L’utilisation du management package est devenue très fréquente dans le monde des affaires. Mais encore faut-il bien comprendre son utilité et en saisir les nuances pour pouvoir négocier correctement votre package. Cet article vous livre les conseils exclusifs d’un avocat spécialisé dans le conseil auprès des startups et de leurs managers afin d’aligner leurs intérêts respectifs.
Comprendre le management package
Dans quel cadre ?
Un management package est constitué d’un ensemble d’outils permettant aux cadres et dirigeants d’une entreprise de souscrire au capital d’une société afin de pouvoir bénéficier d’un intéressement aux résultats. L’objectif est d’aligner les intérêts de la société avec ceux de ses collaborateurs.
Le management package est utilisé soit par des startups, soit dans des opérations de private equity, et opération de Leverage Buy-Out (LBO) par exemple.
L’entrée au capital d’un investisseur implique nécessairement la dilution des fondateurs. Pour que ces derniers continuent de s’investir dans l’entreprise, un management package peut leur être proposé : afin de conjuguer l’intérêt de l’entreprise et des managers en partageant la richesse créée.
Au-delà de cet usage, les management packages sont aujourd’hui fréquemment utilisés par les startups afin de recruter des profils qualifiés et de capitaliser sur un manager clé. C’est dans ce cadre que mes interventions sont les plus fréquentes. Pour se développer, ces jeunes sociétés n’ont généralement pas ou peu de moyens financiers. Pour autant, ces mêmes startups ont besoin de recruter des collaborateurs compétents pour continuer de grandir.
Le management package permet d’intéresser au capital ces recrues clés pour leur permettre de capitaliser sur leur travail dans l’entreprise. En d’autres termes, en plus de leur rémunération habituelle, certains collaborateurs sont associés aux résultats de l’entreprise.
Pour qui ?
De manière générale, le management package est mis en place dans des sociétés de capitaux (SA, SAS, SCA). Ces outils d’intéressement sont à destination des opérationnels de la société (communément désignés des managers).
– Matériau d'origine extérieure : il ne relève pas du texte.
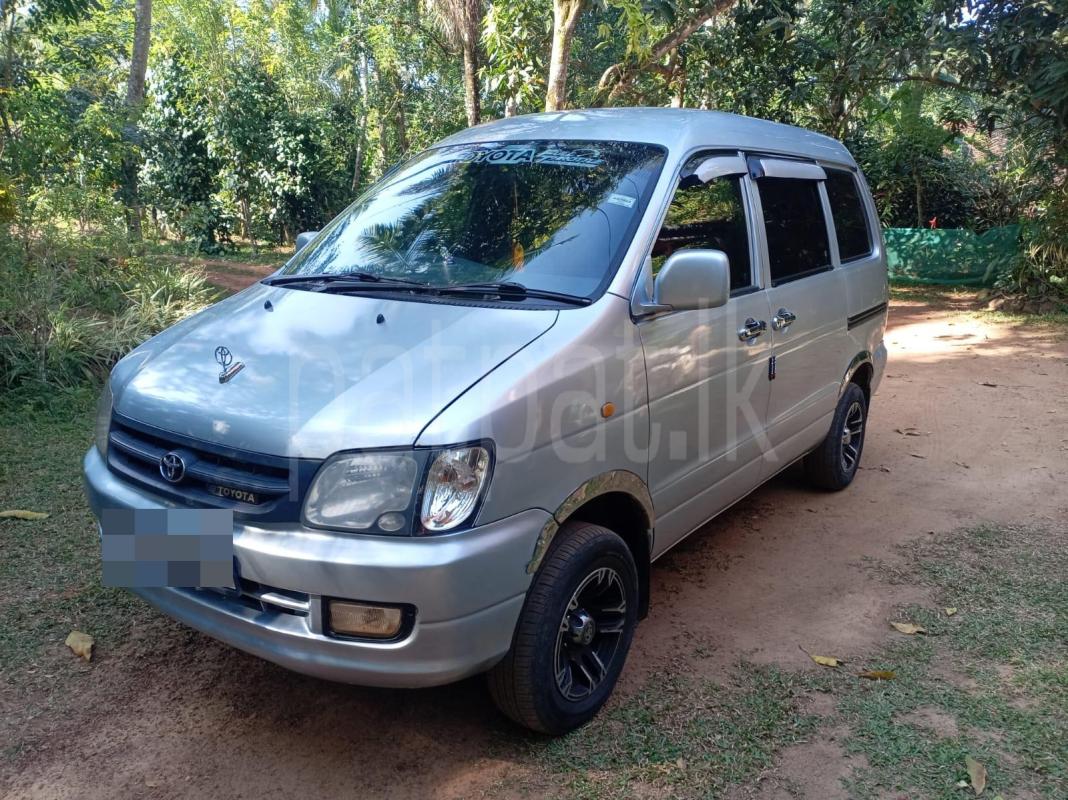 Toyota Noah 1997 - Used Van sale in Sri Lanka - patpat.lk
Les opérationnels désignent à la fois les dirigeants (mandataires sociaux) et salariés de l’entreprise avec un fort potentiel technique. Les opérationnels sont nécessairement des personnes impliquées dans la bonne marche de l’entreprise et qui s’y consacrent à plein temps.
Un prestataire indépendant ne peut donc pas bénéficier de ces instruments ; le prestataire indépendant est une personne qui exerce sa propre activité et qui ne peut se consacrer exclusivement à la réussite de la société. Une fois son contrat rempli, il n’a dès lors plus vocation à s’investir au sein de l’entreprise.
Dans quel but ?
Le but du management package est d’aligner les intérêts du manager avec ceux de l’entreprise. Ce n’est pas la société qui réussit puis récompense ses salariés pour les résultats obtenus grâce à des actions gratuites ; la société et ses managers réussissent ensemble dans un but commun.
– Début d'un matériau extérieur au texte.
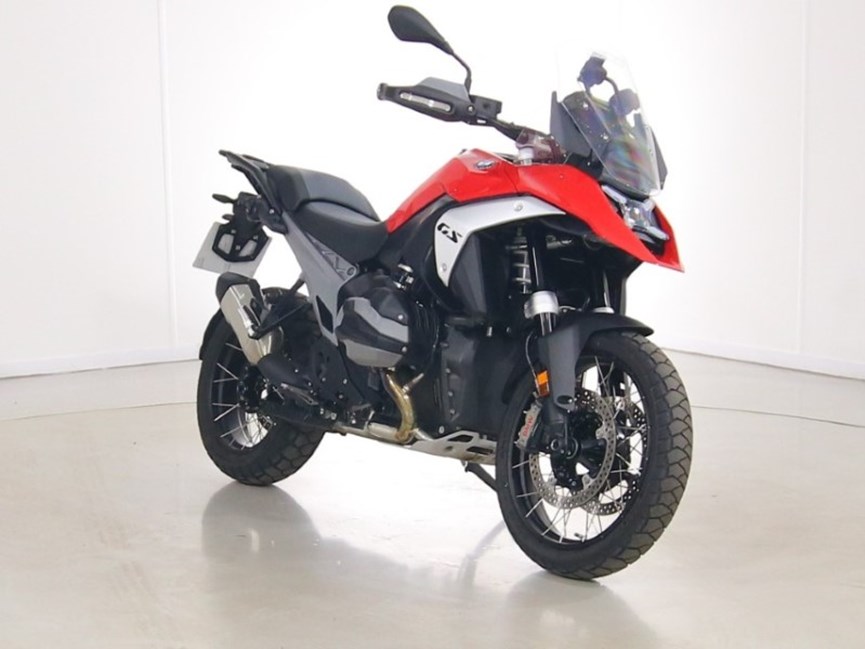 2026 (26) BMW Motorrad R1300 GS TE (24MY)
Ainsi, grâce au management package, l’opérationnel peut souscrire au capital de la société dans les 3 à 5 prochaines années, à des conditions avantageuses alors même que l’entreprise aura pris de la valeur.
Prenons l’exemple d’un directeur financier qui arrive au sein d’une startup avec une forte valeur ajoutée en sa qualité d’opérationnel. L’intérêt d’un management package est alors double ;
- C’est un moyen pour la société de se démarquer de la concurrence et d’embaucher cette personne intéressée par la possibilité d’entrer au capital et voir son investissement au sein de la société récompensé.
- A l’horizon de 4 ou 5 ans, le directeur financier pourra exercer ses options, entrer au capital social de la société à un prix de souscription avantageux par rapport à la valeur vénale de l’action à N+5 qui peut avoir considérablement augmenté.
Focus : choisir le bon instrument
Les divers outils d’intéressement
Les outils d’intéressement sont multiples et chacun a des caractéristiques qui lui sont propres.
Il faut, par exemple, distinguer l’attribution gratuite d’actions (AGA) et l’émission de bons de souscription de parts de créateurs d'entreprise (BSPCE).
Certes, les deux outils permettent à leur bénéficiaire de souscrire dans une ou plusieurs années, des actions de la société à un prix fixé à l’avance, dès l’attribution des bons, mais leurs conditions d’attribution restent assez différentes.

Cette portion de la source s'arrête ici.